Ganglion or Synovial Cyst A benign soft tissue mass 'cyst like' in nature and comes from the capsule of the joint, synovial membrane (lining) or tendon sheath (covering). It usually develops on the top of the wrist in adults between 25 and 45 years of age, and are more common in women. The cause is unknown, but repeated trauma is a contributing factor. Some patients have no symptoms, while other have tenderness, pain and problems with wrist function. A needle aspiration should be done if a sarcoma is suspected. Staging studies are usually not necessary because of the ganglion cyst's classic appearance, although ultrasound is helpful in confirming the cystic nature of the lesion.

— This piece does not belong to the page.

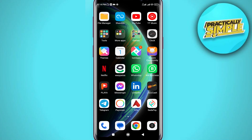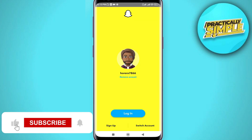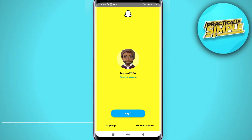Hey everyone, welcome back to the channel. In today's video, I'm going to show you how to fix your Snapchat account if it is temporarily disabled. If you try to log into your Snapchat account and it's showing an error that your account has been temporarily disabled with some support code, I'll show you how you can fix this.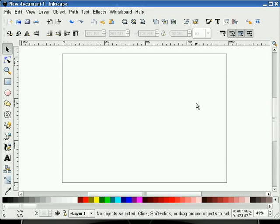Continuing with my Halloween theme of tutorials, in this screencast I will demonstrate how to make dripping blood text in Inkscape version 0.45. Let's begin.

The excised cyst or nodule has an outer fibrous layer with an inner lining made of clear colorless, gelatin-like fluid.

Some ganglia need no treatment because they go away on their own. Usually needle aspiration or rupture of the cyst give temporary relief. Recurrence is common. The best treatment for a patient who has symptoms is to completely excise the cyst down to the base of the cyst which should prevent recurrence. Baker's cysts behind the knee in children nearly always resolve without treatment.